Светка первым делом уставилась на корзинку.

— Это у тебя что такое? — спросила она.

— Так, в цирке дали поносить.

— Ишь ты, играют… Юлька! Это же совсем как бриллианты!

— Это и есть бриллианты, — спокойно ответила я. — Мне одна заслуженная артистка дала выпендриться. На пару дней.

— Юлька… — прошептала Светка. — Юлька, я знаю, что мы сделаем с этими бриллиантами!

И тут мне стало страшно.

— Пошли лучше обедать, — торопливо сказала я. — Бриллианты все равно завтра возвращать. Ничего ты с ними не сделаешь.

— Сделаю! — воскликнула она. — Становись в очередь, возьми мне гуляш с гречкой и компот. А я побежала!

И она действительно побежала. Вернулась она, когда гуляш уже остыл, а я доедала ореховый крем. Конечно, мне крем противопоказан, но настроение из-за корзинки было безумно праздничное, и я решила, что раз в жизни могу себя побаловать.

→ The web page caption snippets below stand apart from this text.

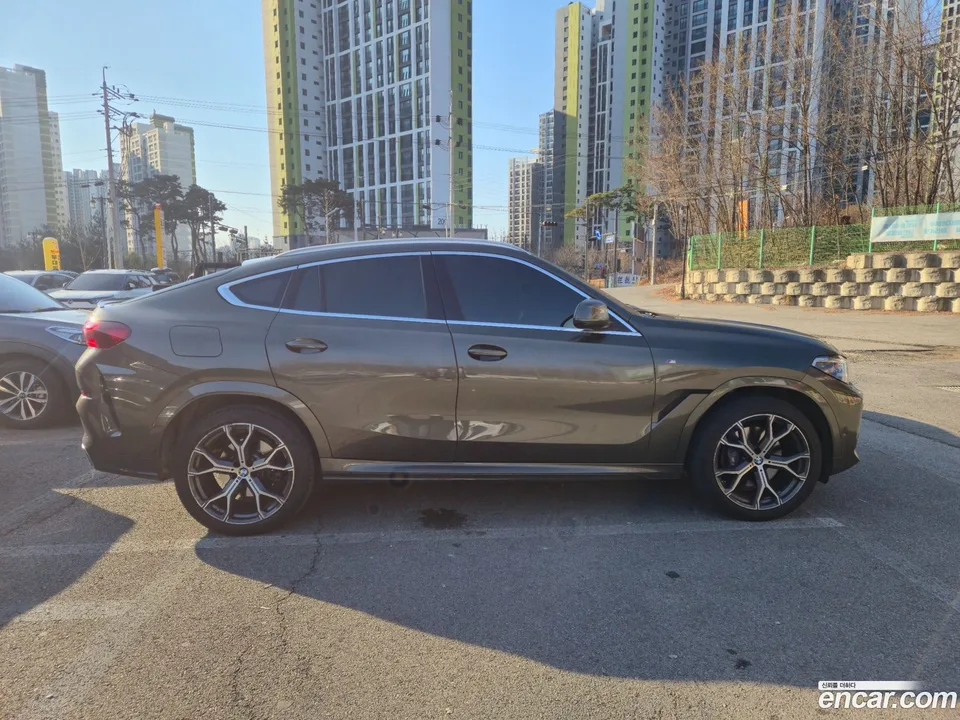 BMW X6 xDrive30d M 2023 — миниатюра 2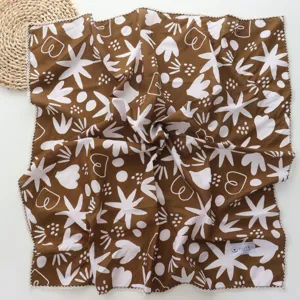 Vintage bruine vierkante bloemensjaal met elegante kantrand voor modieuze damestijl.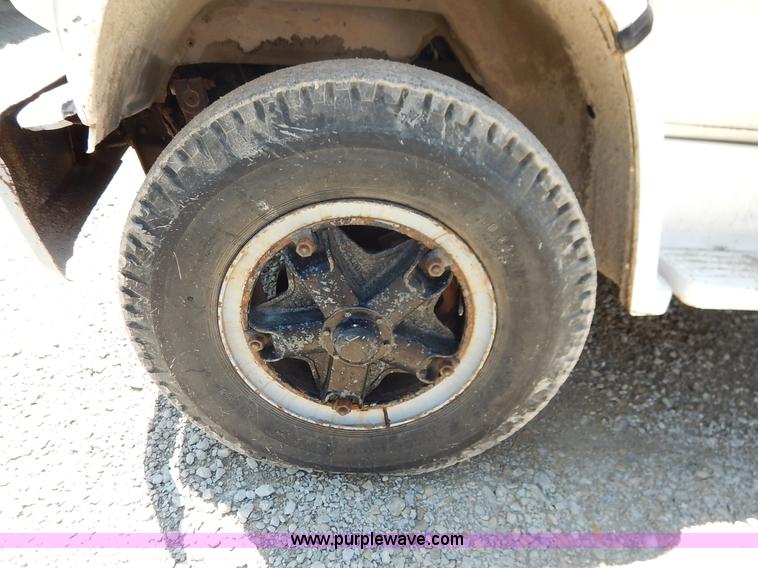 image for item J3879 1983 Chevrolet Kodiak derrick digger truck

— Порядок! — доложила она. — Я сейчас звонила Алке. У нее есть бутылка шампанского. Сегодня сбудется вековая мечта человечества!

— Коммунизм, что ли, наступит? — поинтересовалась я, уже догадываясь, что она затеяла.

— Ага! Коммунизм! Юлька, — тут Светка взяла меня за руки, — ты только не бойся. Мы с Алкой все берем на себя. Ты только проглоти то мы для тебя разжуем, ладно? Понимаешь, Юлька? Это твой единственный шанс!

И она прикоснулась пальцем к золотой корзинке.

* * *

Я позвонила директору и принялась врать, что вот съела какую-то дрянь в соседней столовке, мне плохо, меня рвет, и можно я сегодня не вернусь на работу?

Оказалось, можно. Потому что — кому я такая дохлая нужна?

Светка потащила меня к себе домой, и мы устроили погром в их шкафу.

— Я знаю, что у тебя с твоей маманей пары приличных трусиков на двоих нет, — сказала Светка. — Не стыдись, ты в этом не виновата. Когда рожают детей, надо думать, во что их потом одевать.

Вообще-то она была права…

Мы подобрали мне трусики и лифчик из имущества Светкиной мамы. Правда, и то, и другое было маловато. Потом Светка выкупала меня и обработала импортным мылом и импортным шампунем. В довершение картины она закрутила мне волосы и сделала прическу, от которой сама пришла в недоумение. Наверно, мне гладкие волосы все же идут больше, чем эти ненормальные спирали.